A la expropiación de las tierras de los nobles en beneficio de los campesinos, la reacción oponía la expropiación de las tierras comunales campesinas en beneficio de los kulaks. “La ley del 9 de noviembre —dijo uno de los reaccionarios en la tercera Duma— contiene el suficiente grisú para hacer saltar toda Rusia”.
Empujados a un callejón sin salida por la irreductible actitud de la nobleza y de la burocracia, que eran de nuevo los amos de la situación, los partidos burgueses trataron de salir de las contradicciones económicas y políticas en las que se habían metido por medio del imperialismo... Buscaron compensaciones a los fracasos internos en países extranjeros: en el Lejano Oriente (ruta del Amur), en Persia o en los Balcanes. Lo que se llamó “anexión” de Bosnia y Herzegovina despertó en San Petersburgo y en Moscú un verdadero escándalo patriotero. Además, el partido burgués que más se había opuesto al antiguo régimen —el constitucional demócrata— iba ahora en cabeza del belicoso “neoeslavismo”. Los cadetes buscaban en el imperialismo capitalista una solución para los problemas que no habían podido ser liquidados por la revolución. Llevados por la marcha misma de esa revolución a rechazar, de hecho, la idea de la expropiación de los bienes raíces y de una democratización de todo el régimen social, e inducidos, por consiguiente, a rechazar la esperanza de crear un mercado interior suficientemente estable, representado por los pequeños campesinos, que favorecerían el desarrollo capitalista, los cadetes ponían ahora sus esperanzas en los mercados exteriores. Como para lograr buenos resultados en este sentido es imprescindible un Estado fuerte, los cadetes se ven obligados, además, a sostener el zarismo, detentador del poder real.
El imperialismo de Milyukov, disfrazado de oposición, cubrió, pues, con una especie de velo ideológico, la repugnante combinación que era la tercera Duma, en la que hicieron alianza los burócratas de la autarquía, los feroces propietarios y el capitalismo parásito.
La situación creada podía dar lugar a las consecuencias más insólitas.
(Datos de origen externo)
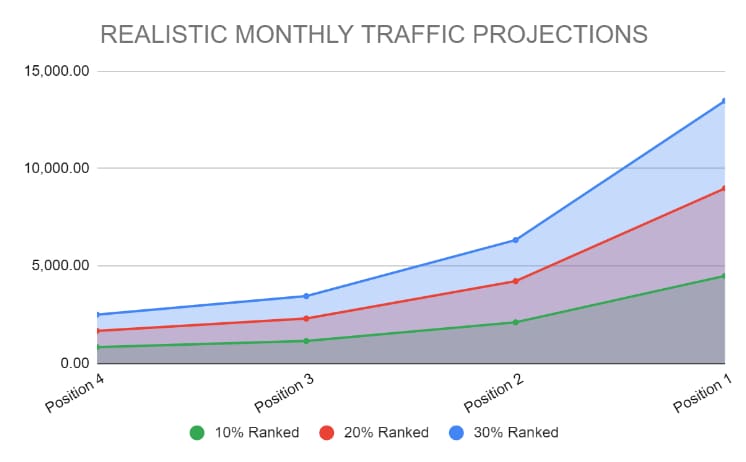 Chart showing a projection of realistic monthly traffic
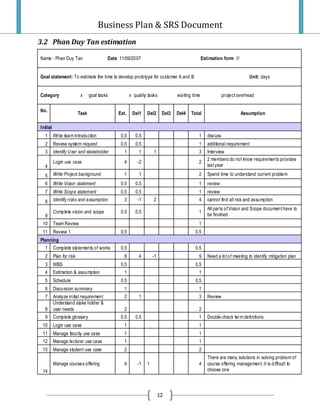 Project Plan And Srs Final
Un gobierno cuya reputación de fuerza se había ahogado en las aguas de Tsuchima y que había quedado enterrada en los campos de Mukden, abrumado, además, por las terribles consecuencias de su política de aventuras, se dio cuenta de repente de que era el centro de la confianza patriótica de los representantes de “la nación”. No solamente aceptó sin replicar medio millón de nuevos soldados y quinientos millones para los gastos del Ministerio de la Guerra sino que obtuvo el apoyo de la Duma cuando intentó nuevas experiencias en el Lejano Oriente. Más aún, tanto de la derecha como de la izquierda, entre “centurias negras” como entre los cadetes, llegaban hasta él violentos reproches porque se estimaba que su política exterior no era lo suficientemente activa.
Así, por la lógica misma de las cosas, el gobierno del zar se vio empujado hacia una vía peligrosa, luchando por restablecer su reputación mundial. Y, ¿quién sabe?, antes de que la suerte de la autocracia se haya fijado de manera definitiva y sin posible solución en las calles de San Petersburgo y de Varsovia, quizá pasará por una segunda prueba en los campos del Amur o en las costas del Mar Negro.